● **WHAT THE TASK ASKS**
Among the entries below, extract exactly the lines that run from the one with "Dancing robot vinyl" through the one with "JELD WEN 72", both ends included.

════════════════════

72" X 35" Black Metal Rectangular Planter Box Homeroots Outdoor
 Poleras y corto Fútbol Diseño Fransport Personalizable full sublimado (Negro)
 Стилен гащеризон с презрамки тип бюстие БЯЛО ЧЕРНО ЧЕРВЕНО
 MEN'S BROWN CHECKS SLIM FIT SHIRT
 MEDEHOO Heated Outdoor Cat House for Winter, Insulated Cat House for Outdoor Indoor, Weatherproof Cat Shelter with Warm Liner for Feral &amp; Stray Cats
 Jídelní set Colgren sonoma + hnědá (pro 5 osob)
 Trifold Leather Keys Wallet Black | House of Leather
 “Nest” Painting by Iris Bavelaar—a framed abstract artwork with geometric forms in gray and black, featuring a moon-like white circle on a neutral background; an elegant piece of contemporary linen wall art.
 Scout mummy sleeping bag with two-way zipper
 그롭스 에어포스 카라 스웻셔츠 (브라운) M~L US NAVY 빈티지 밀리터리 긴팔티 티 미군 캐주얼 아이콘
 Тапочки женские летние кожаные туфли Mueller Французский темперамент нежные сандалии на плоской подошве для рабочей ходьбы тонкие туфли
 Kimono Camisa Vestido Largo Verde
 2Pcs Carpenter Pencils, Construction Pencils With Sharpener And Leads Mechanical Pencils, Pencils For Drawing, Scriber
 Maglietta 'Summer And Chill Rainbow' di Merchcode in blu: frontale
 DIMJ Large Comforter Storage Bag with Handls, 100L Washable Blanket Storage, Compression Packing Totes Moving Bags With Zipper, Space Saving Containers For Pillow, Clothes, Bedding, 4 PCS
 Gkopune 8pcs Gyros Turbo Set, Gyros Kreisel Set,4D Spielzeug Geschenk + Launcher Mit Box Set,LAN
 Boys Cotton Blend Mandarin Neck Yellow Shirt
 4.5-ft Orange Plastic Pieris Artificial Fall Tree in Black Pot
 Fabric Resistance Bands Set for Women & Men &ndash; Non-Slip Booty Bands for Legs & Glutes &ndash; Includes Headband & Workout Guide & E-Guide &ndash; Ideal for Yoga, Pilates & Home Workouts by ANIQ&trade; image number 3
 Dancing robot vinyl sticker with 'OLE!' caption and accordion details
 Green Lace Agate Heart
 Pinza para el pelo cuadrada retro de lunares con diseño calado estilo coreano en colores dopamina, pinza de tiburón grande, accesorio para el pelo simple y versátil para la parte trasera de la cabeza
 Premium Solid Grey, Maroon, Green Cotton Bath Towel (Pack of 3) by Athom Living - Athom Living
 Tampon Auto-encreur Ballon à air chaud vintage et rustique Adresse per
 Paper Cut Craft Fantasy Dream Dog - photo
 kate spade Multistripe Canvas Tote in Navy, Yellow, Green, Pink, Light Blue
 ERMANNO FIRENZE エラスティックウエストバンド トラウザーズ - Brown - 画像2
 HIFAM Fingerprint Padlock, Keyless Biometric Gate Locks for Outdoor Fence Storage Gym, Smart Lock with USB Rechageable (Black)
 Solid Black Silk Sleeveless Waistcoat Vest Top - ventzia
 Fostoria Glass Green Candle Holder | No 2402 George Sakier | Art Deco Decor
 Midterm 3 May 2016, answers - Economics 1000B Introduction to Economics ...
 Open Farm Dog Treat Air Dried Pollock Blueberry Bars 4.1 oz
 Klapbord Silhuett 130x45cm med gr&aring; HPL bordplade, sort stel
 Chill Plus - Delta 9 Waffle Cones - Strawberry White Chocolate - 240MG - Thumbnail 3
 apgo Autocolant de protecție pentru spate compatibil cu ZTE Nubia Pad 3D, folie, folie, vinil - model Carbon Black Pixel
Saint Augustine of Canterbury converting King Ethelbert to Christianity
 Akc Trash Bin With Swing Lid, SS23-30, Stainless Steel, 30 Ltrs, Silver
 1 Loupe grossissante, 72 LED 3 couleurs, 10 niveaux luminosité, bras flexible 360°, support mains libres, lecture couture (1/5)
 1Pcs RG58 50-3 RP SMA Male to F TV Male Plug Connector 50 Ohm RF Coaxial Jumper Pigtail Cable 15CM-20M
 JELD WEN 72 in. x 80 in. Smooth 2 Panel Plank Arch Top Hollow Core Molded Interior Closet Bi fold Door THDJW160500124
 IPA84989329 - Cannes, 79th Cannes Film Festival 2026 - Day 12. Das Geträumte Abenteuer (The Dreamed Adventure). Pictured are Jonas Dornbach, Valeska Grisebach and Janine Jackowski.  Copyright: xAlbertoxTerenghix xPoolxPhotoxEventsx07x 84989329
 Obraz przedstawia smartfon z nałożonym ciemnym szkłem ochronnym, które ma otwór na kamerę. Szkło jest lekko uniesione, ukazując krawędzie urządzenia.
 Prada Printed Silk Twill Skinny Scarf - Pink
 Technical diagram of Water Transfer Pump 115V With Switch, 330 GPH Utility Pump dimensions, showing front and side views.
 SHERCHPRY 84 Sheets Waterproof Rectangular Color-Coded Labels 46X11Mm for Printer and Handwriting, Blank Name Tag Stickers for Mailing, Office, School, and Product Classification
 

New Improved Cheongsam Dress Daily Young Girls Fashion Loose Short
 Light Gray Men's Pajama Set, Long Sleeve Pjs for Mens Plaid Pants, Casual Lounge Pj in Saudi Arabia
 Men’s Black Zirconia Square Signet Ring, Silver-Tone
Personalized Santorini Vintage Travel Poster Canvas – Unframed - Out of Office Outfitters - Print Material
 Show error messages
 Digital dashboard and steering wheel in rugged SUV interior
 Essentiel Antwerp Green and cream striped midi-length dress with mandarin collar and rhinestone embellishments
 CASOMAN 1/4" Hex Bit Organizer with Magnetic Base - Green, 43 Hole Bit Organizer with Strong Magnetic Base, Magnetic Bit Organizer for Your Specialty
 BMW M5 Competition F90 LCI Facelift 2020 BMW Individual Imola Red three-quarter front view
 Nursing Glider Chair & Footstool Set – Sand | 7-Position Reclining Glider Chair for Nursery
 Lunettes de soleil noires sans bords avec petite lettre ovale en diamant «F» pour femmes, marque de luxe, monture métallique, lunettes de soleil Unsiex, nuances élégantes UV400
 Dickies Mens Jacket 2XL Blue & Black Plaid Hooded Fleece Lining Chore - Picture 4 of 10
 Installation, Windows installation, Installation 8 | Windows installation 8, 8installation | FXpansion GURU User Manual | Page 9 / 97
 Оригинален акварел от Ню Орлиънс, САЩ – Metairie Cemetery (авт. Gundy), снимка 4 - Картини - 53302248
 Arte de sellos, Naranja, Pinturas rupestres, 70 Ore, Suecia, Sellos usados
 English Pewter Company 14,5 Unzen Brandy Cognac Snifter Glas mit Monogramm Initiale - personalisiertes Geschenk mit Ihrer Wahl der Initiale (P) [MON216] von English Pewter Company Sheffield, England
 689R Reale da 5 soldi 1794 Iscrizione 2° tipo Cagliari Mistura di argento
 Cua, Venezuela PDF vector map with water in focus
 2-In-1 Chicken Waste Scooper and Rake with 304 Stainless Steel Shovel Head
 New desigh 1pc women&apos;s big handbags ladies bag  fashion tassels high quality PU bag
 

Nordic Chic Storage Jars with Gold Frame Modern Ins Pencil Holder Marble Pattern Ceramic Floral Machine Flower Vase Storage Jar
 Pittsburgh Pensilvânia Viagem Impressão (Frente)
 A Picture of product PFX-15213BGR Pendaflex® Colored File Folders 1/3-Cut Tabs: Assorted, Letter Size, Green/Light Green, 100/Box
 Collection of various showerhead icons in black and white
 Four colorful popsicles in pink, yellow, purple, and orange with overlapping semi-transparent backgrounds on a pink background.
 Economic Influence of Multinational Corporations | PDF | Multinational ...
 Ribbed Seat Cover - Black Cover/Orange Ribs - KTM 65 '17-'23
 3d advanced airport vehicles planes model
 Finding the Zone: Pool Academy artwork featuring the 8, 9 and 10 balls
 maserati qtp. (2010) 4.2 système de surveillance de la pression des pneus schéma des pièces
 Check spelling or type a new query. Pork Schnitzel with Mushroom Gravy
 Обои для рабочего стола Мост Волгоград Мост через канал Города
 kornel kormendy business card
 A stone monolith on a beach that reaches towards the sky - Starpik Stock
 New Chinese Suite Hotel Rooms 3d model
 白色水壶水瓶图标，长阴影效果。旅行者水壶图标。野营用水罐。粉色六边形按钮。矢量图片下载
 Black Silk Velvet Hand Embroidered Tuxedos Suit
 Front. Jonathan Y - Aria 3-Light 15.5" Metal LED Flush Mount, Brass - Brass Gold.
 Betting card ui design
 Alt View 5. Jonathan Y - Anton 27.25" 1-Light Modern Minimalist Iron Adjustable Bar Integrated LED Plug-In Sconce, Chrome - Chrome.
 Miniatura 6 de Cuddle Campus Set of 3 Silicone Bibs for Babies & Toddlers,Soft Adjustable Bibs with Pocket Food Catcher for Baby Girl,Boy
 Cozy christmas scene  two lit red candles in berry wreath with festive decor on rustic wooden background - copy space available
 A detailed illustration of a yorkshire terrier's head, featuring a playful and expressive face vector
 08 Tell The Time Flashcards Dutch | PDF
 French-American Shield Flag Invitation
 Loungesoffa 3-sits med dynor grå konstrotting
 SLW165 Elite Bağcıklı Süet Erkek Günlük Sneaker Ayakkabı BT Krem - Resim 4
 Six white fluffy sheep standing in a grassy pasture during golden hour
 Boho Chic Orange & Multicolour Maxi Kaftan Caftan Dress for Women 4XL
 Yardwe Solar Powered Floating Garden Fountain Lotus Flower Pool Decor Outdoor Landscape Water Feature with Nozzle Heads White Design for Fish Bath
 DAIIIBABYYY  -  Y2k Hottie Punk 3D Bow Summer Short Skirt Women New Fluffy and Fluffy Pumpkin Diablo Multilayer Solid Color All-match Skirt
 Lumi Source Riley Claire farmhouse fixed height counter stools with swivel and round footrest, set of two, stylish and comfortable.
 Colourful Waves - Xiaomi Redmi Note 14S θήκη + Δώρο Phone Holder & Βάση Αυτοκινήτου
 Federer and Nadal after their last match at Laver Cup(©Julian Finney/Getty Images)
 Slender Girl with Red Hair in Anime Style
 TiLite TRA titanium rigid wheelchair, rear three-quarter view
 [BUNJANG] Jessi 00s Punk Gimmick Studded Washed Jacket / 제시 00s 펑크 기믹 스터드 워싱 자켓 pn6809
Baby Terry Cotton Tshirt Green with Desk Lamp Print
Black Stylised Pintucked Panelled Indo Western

════════════════════

● **SOLUTION FOR THIS TASK**
 Dancing robot vinyl sticker with 'OLE!' caption and accordion details
 Green Lace Agate Heart
 Pinza para el pelo cuadrada retro de lunares con diseño calado estilo coreano en colores dopamina, pinza de tiburón grande, accesorio para el pelo simple y versátil para la parte trasera de la cabeza
 Premium Solid Grey, Maroon, Green Cotton Bath Towel (Pack of 3) by Athom Living - Athom Living
 Tampon Auto-encreur Ballon à air chaud vintage et rustique Adresse per
 Paper Cut Craft Fantasy Dream Dog - photo
 kate spade Multistripe Canvas Tote in Navy, Yellow, Green, Pink, Light Blue
 ERMANNO FIRENZE エラスティックウエストバンド トラウザーズ - Brown - 画像2
 HIFAM Fingerprint Padlock, Keyless Biometric Gate Locks for Outdoor Fence Storage Gym, Smart Lock with USB Rechageable (Black)
 Solid Black Silk Sleeveless Waistcoat Vest Top - ventzia
 Fostoria Glass Green Candle Holder | No 2402 George Sakier | Art Deco Decor
 Midterm 3 May 2016, answers - Economics 1000B Introduction to Economics ...
 Open Farm Dog Treat Air Dried Pollock Blueberry Bars 4.1 oz
 Klapbord Silhuett 130x45cm med gr&aring; HPL bordplade, sort stel
 Chill Plus - Delta 9 Waffle Cones - Strawberry White Chocolate - 240MG - Thumbnail 3
 apgo Autocolant de protecție pentru spate compatibil cu ZTE Nubia Pad 3D, folie, folie, vinil - model Carbon Black Pixel
Saint Augustine of Canterbury converting King Ethelbert to Christianity
 Akc Trash Bin With Swing Lid, SS23-30, Stainless Steel, 30 Ltrs, Silver
 1 Loupe grossissante, 72 LED 3 couleurs, 10 niveaux luminosité, bras flexible 360°, support mains libres, lecture couture (1/5)
 1Pcs RG58 50-3 RP SMA Male to F TV Male Plug Connector 50 Ohm RF Coaxial Jumper Pigtail Cable 15CM-20M
 JELD WEN 72 in. x 80 in. Smooth 2 Panel Plank Arch Top Hollow Core Molded Interior Closet Bi fold Door THDJW160500124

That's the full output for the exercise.